◆ **Collected data**:
__________

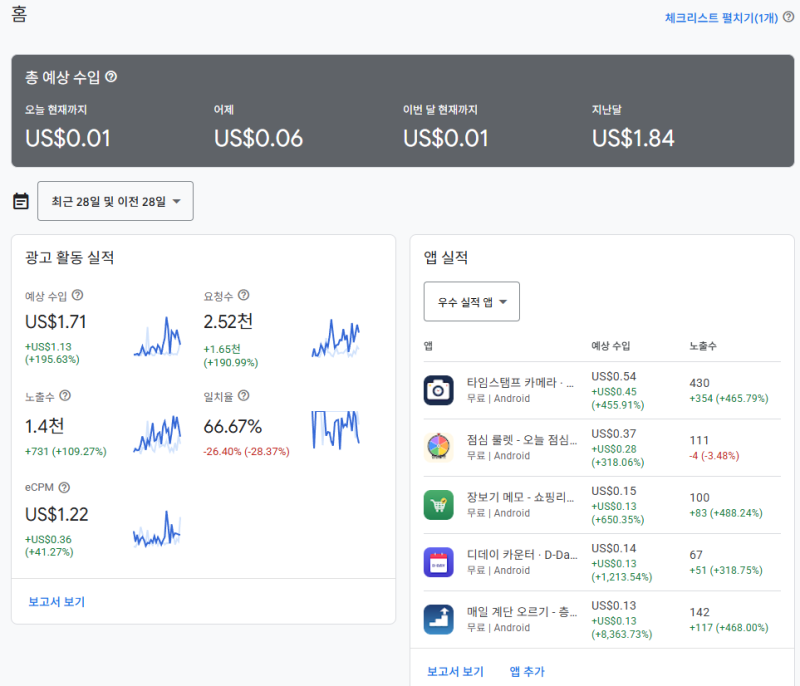 2026년 7월 애드몹(AdMob) 광고 수익 분석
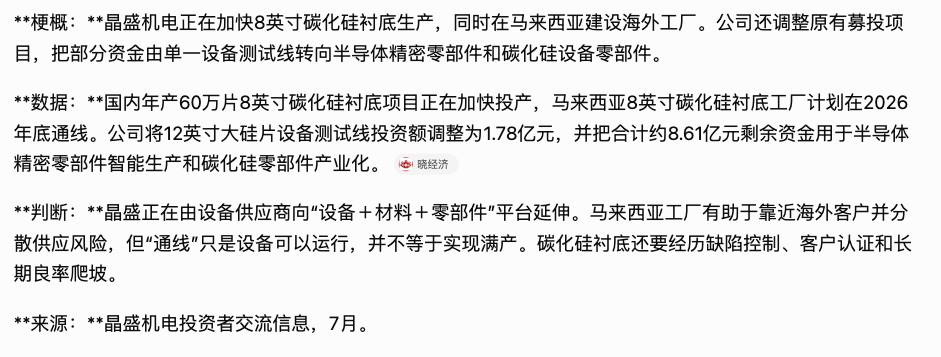晶盛机电再马来西亚建立产能 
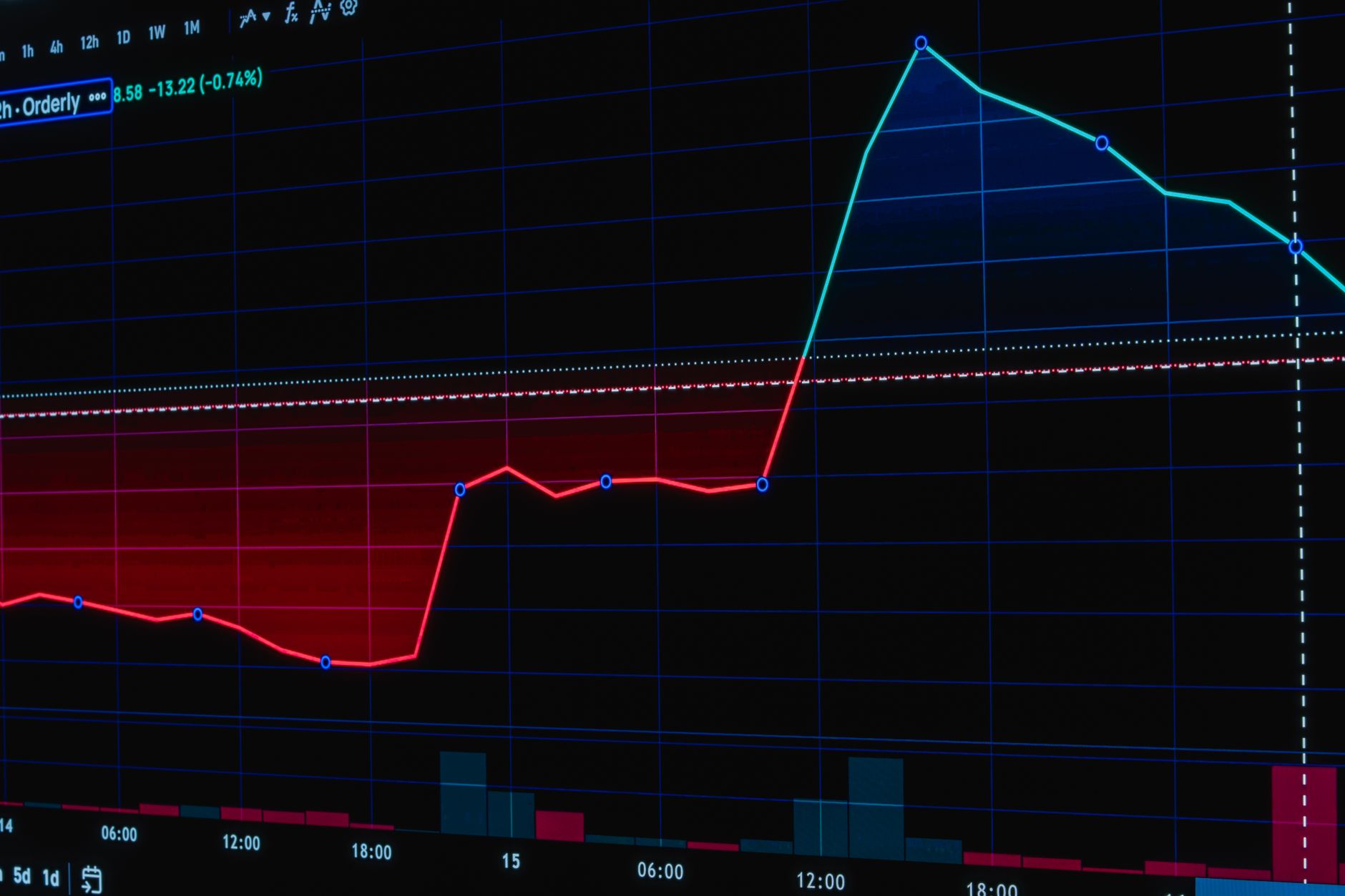 O que é um Gap no Trading e Como Lidar com Ele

__________

◆ **About this exercise**: Transcribe every line of the data exactly. No pictures go in the copy.

◆ **Answer box**:
 2026년 7월 애드몹(AdMob) 광고 수익 분석
晶盛机电再马来西亚建立产能 
 O que é um Gap no Trading e Como Lidar com Ele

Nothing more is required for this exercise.